Last year, they split the regular-season title with Johns Hopkins before losing their first game of the Big Ten Tournament. The Terps know surprises can happen with each opponent gunning for the top spot, so they’ve relied on the veteran players to set a workmanlike example entering the bout.

“Conference games are just always tough,” Tillman said. “Any time you have a conference game, it takes a little bit more meaning. You’re always competitive, and you want to win.”

The Terps were no stranger to tight battles in their first year as members of the Big Ten. In a span of 10 days last April, they won three straight games by one goal each, the latter two coming against conference foes.

The Wolverines were also the Terps’ first conference game in 2015, a 13-4 victory in College Park. While the Terps have only played in Ann Arbor once, winning 13-5 in 2014, they’ve become accustomed to playing on the road.

Five of their first eight outings have come away from Maryland Stadium, and Tillman said this week that their hectic schedule could have been a distraction.
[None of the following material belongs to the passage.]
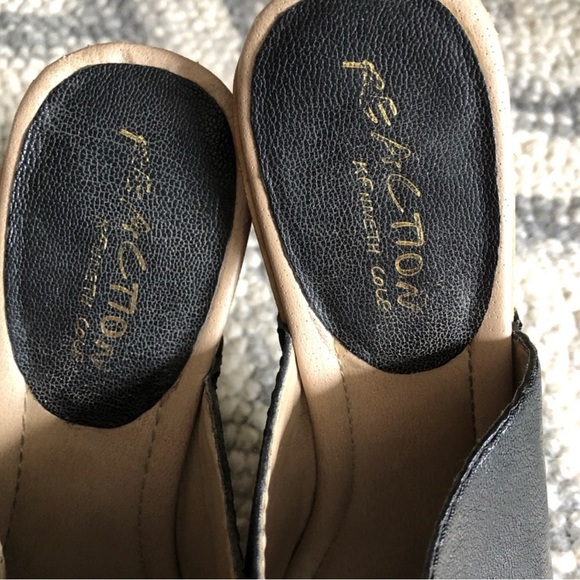 Black Leather Wedge. It has visible worn out spots as seen in the photos. - Picture 2 of 5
But his upperclassmen haven’t allowed the team’s concentration to waver, despite dropping their first two away games to start the season.

They don’t goof around in practice or walkthroughs. They study the details of the game plan, often quizzing the younger players on the scouting report. They’re vocal on the field and the sidelines.

“It’s really easy to lose your focus, and I get it; they’re 18- to 22-year-olds, and I was certainly no different,” Tillman said. “So you’re really leaning on those guys [to say], ‘Hey, we want you guys to have fun. We want you to enjoy the moment. But this is a business trip, per se, and we have to make sure we’re up here for a reason.'”

The Terps didn’t lose sight of that during their triumph in Philadelphia on Tuesday.

Penn jumped out to a two-goal lead less than two minutes after the opening whistle. The second score in that burst came when Quakers midfielder Austin Kreinz scooped the faceoff and beat the Terps in transition.

Despite Penn winning the game’s first four faceoffs, attackman Matt Rambo soon responded with two scores in a five-minute span with a tally from midfielder Pat Young sandwiched between. Of the Terps’ six first-quarter goals, five came off the stick of a junior or senior.

“We just brought it up and said, ‘We need more energy. We need to just start playing like Terps,'” Rambo said of the veterans’ message. “We responded well.”

Tillman had a similar message during a second-half timeout.

The Terps scored the only point of the third quarter, and the coach sensed his team was struggling against Penn goalkeeper Reed Junkin, who entered the game atop the national standings with an average of 13.57 saves per game.

“‘Both teams are flat. Who’s going to take it?'” goalie Kyle Bernlohr remembered Tillman asking the Terps in the second half. “We really carried that and took it forward.”

The Terps hope to display the same diligence in Ann Arbor. The teams don’t yet have a storied rivalry — Michigan’s program started in 2012 — like the Terps did in the ACC, but one thing won’t be different as the veterans lead the Terps into the second phase of their season.

There’s a trophy to start working toward.

“It’s not so much what’s different; it’s what’s the same,” Tillman said. “All those [conference] games are really tough.”